*Given information*
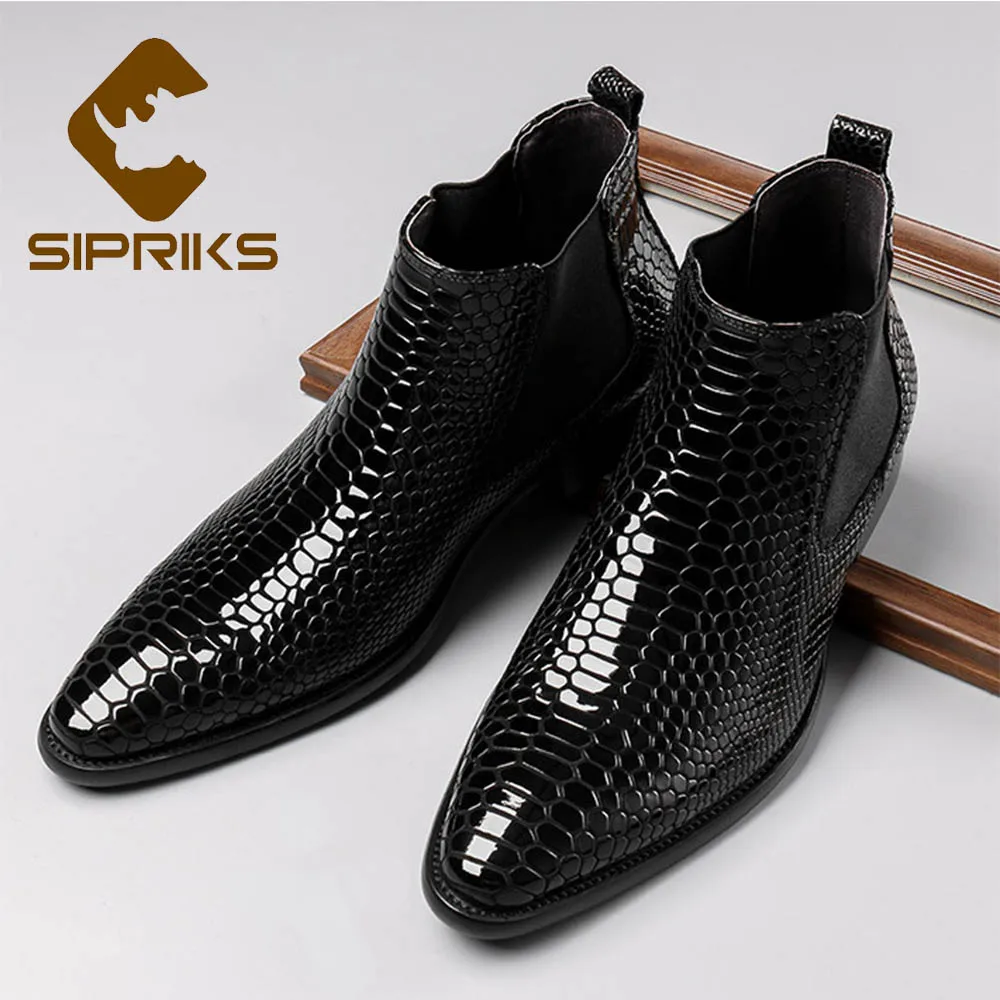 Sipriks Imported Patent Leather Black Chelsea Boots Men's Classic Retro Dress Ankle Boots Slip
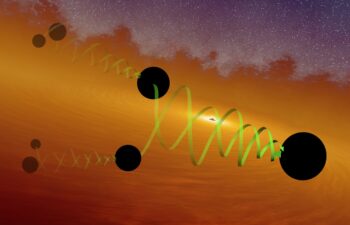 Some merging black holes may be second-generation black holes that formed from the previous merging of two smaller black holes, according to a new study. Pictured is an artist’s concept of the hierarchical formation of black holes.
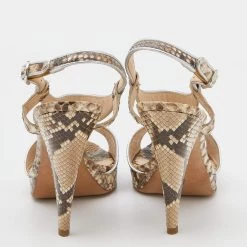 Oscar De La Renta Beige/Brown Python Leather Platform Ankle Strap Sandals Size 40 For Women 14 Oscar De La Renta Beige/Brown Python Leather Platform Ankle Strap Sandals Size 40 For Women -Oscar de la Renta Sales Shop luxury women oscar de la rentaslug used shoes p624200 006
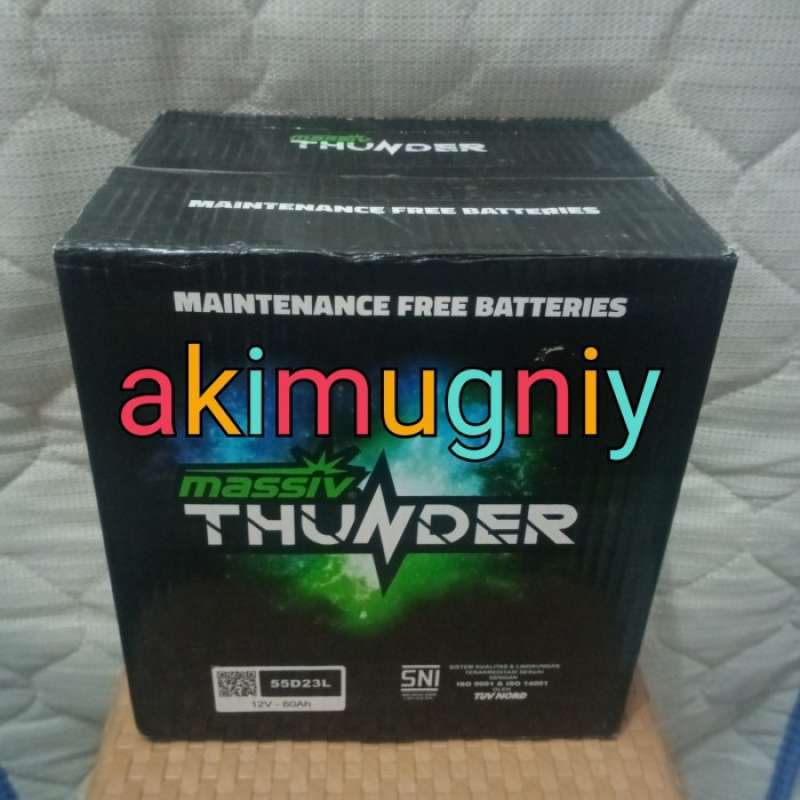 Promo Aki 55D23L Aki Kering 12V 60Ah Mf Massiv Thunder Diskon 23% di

*Problem to work on*
Once the pictures are removed, copy the listing exactly.

*Your response*
 Sipriks Imported Patent Leather Black Chelsea Boots Men's Classic Retro Dress Ankle Boots Slip
 Some merging black holes may be second-generation black holes that formed from the previous merging of two smaller black holes, according to a new study. Pictured is an artist’s concept of the hierarchical formation of black holes.
 Oscar De La Renta Beige/Brown Python Leather Platform Ankle Strap Sandals Size 40 For Women 14 Oscar De La Renta Beige/Brown Python Leather Platform Ankle Strap Sandals Size 40 For Women -Oscar de la Renta Sales Shop luxury women oscar de la rentaslug used shoes p624200 006
 Promo Aki 55D23L Aki Kering 12V 60Ah Mf Massiv Thunder Diskon 23% di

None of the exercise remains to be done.